The phrasing of the problem statements suggests that the scrambled words are a small subset of the inputs. But the worst case is that the scrambled words are the entire wordlist, making your worst-case performance \$O(n^2)\$ which will really hurt for large values of n.

You can improve this performance by converting \$m \times n\$ into \$m + n\$. Make a pass through one list computing a "signature" for each word. Store the signatures in a Python dict (dictionary) object mapping the signature to the original word(s) with that signature. Then make a pass through the second list, computing a "signature" for those words that can compare with the first signature. Check each word in the second list to see if its signature is in the dictionary, and store the results if so.

This process, if you can find the right signature, will work for a large number of problems.

You want a signature that does not depend on the ordering of the letters, since by definition one set of letters is scrambled.
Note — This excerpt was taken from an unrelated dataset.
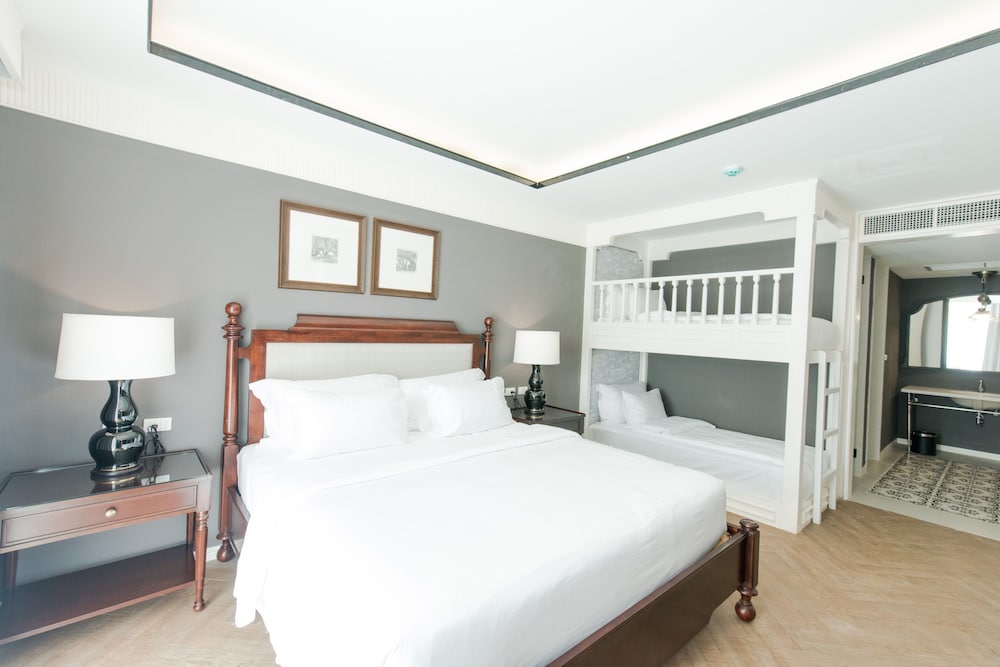 Family Suite - Photo 10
One easy mechanism would be to sort the letters into ASCII order, so that "banana" -> "aaabnn" for example.

Your code would then look like this:

signatures = dict()

for word in wordlist:
    sig = ''.join(sorted(word))
    signatures[sig] = word

found_words = []

for dwro in scrambled_words:
    sig = ''.join(sorted(dwro))
    if sig in signatures:
        found_words.append(signatures[sig])

Note: There's a potential issue, in that words like "keep" and "peek" are going to have the same signature, since they have all the same letters. You will have to decide how to handle that, but if you decide to maintain a list of all possible words for a signature, you should look at collections.defaultdict.